Sebuah protes terhadap rekrutmen para ultra-Ortodoks ke dalam militer Israel di Jerusalem pada bulan April. Kredit: Ohad Zwigenberg/Associated Press
Mahkamah Agung Israel pada hari Selasa memutuskan bahwa militer harus mulai memasukkan pria ultra-Ortodoks Yahudi ke dalam layanan wajib militer, keputusan yang mengancam untuk memecah belah pemerintahan koalisi Perdana Menteri Benjamin Netanyahu di tengah perang di Gaza.
Dalam keputusan yang bulat, sembilan hakim menyatakan bahwa tidak ada dasar hukum untuk pengecualian militer yang berlangsung lama diberikan kepada banyak mahasiswa agama ultra-Ortodoks. Mengingat tidak adanya hukum yang membedakan antara seminaris dan pria lain yang berusia layanan, pengadilan menentukan bahwa undang-undang wajib militer negara juga harus diterapkan pada minoritas ultra-Ortodoks.
Di negara di mana pelayanan militer wajib bagi sebagian besar pria dan wanita Yahudi, pengecualian bagi ultra-Ortodoks telah lama menjadi sumber perselisihan bagi warga Israel sekuler. Namun kemarahan atas perlakuan istimewa kelompok ini telah bertambah seiring perang di Gaza yang telah berlangsung selama sembilan bulan, memerlukan puluhan ribu prajurit cadangan untuk melaksanakan beberapa tur dan mengorbankan nyawa ratusan prajurit.
“Pada hari-hari ini, di tengah perang yang sulit, beban ketidaksetaraan itu lebih terasa daripada sebelumnya — dan memerlukan kemajuan solusi yang berkelanjutan terhadap masalah ini,” tulis hakim Mahkamah Agung dalam keputusannya.
Keputusan pengadilan ini mempertemukan antara Yahudi sekuler dengan ultra-Ortodoks, yang mengatakan bahwa studi mereka tentang Kitab Suci sama pentingnya dengan militer dalam mempertahankan Israel. Hal ini juga mengungkapkan perpecahan di koalisi Mr. Netanyahu, yang bergantung pada dukungan dua partai ultra-Ortodoks di tengah perang terdahsyat negara itu dalam beberapa dekade terakhir.

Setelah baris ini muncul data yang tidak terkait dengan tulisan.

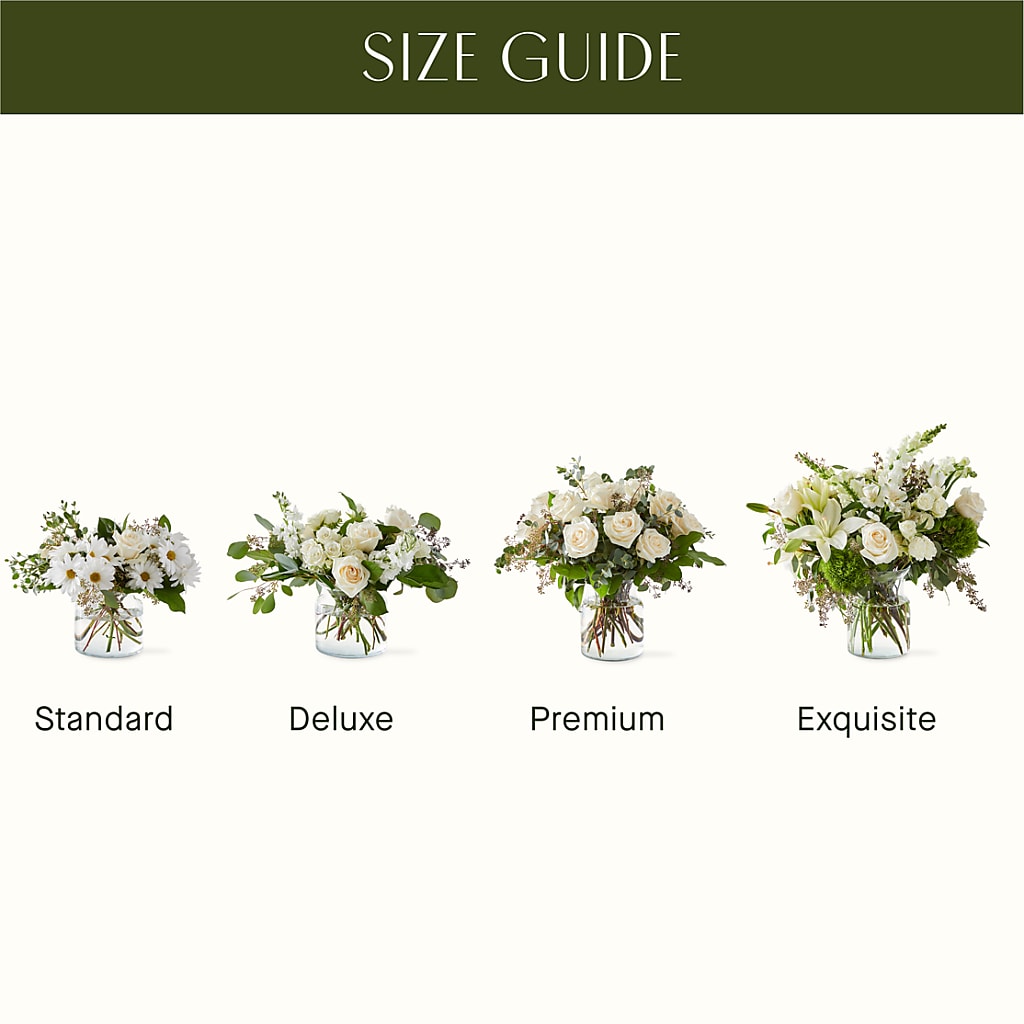 Fresh Linen Bouquet –  Stardust Flowers, Surrey BC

Mr. Netanyahu telah meminta legislasi yang pada umumnya akan mempertahankan pengecualian untuk para mahasiswa agama. Tetapi jika ia melanjutkan dengan rencana tersebut, anggota lain dari pemerintahnya mungkin akan membelot seiring meningkatnya kemarahan publik atas strategi pemerintah dalam perang di Gaza.

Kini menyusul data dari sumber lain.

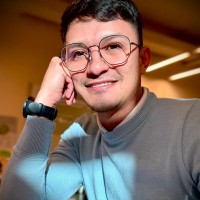 AGUASSRL Employee Orlando José Gutiérrez Sánchez's profile photo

Yahudi ultra-Ortodoks telah dikecualikan dari pelayanan militer sejak berdirinya Israel pada tahun 1948, ketika kepemimpinan negara tersebut menjanjikan kepada mereka otonomi sebagai imbalan atas dukungan mereka dalam menciptakan negara yang sebagian besar sekuler. Selain dikecualikan dari wajib militer, ultra-Ortodoks, yang dikenal dalam bahasa Ibrani sebagai Haredim, diizinkan untuk menjalankan sistem pendidikan mereka sendiri.
Mahkamah Agung juga menyasar sistem tersebut dalam putusannya, menyatakan bahwa pemerintah tidak boleh lagi mentransfer subsidi ke sekolah agama, atau yeshiva, yang mendaftarkan siswa berusia wajib militer yang pengecualiannya tidak lagi legal.
Keputusan ini langsung menimbulkan kemarahan di kalangan politisi ultra-Ortodoks, yang bersumpah untuk melawannya.
“Negara Israel didirikan untuk menjadi rumah bagi bangsa Yahudi, bagi siapa Taurat adalah landasan eksistensi mereka. Taurat Suci akan menang,” kata Yitzhak Goldknopf, seorang menteri ultra-Ortodoks, dalam sebuah pernyataan pada hari Senin.
Sekitar 1.000 pria Haredi saat ini melayani secara sukarela di militer — kurang dari 1 persen dari keseluruhan prajurit — namun serangan yang dipimpin Hamas pada 7 Oktober telah tampaknya memicu rasa takdir bersama dengan warga Israel umum di antara beberapa segmen masyarakat Haredi. Lebih dari 2.000 Haredi mencoba bergabung dengan militer dalam 10 minggu pertama perang, menurut statistik militer.
Gabby Sobelman dan Myra Noveck berkontribusi dalam pelaporan.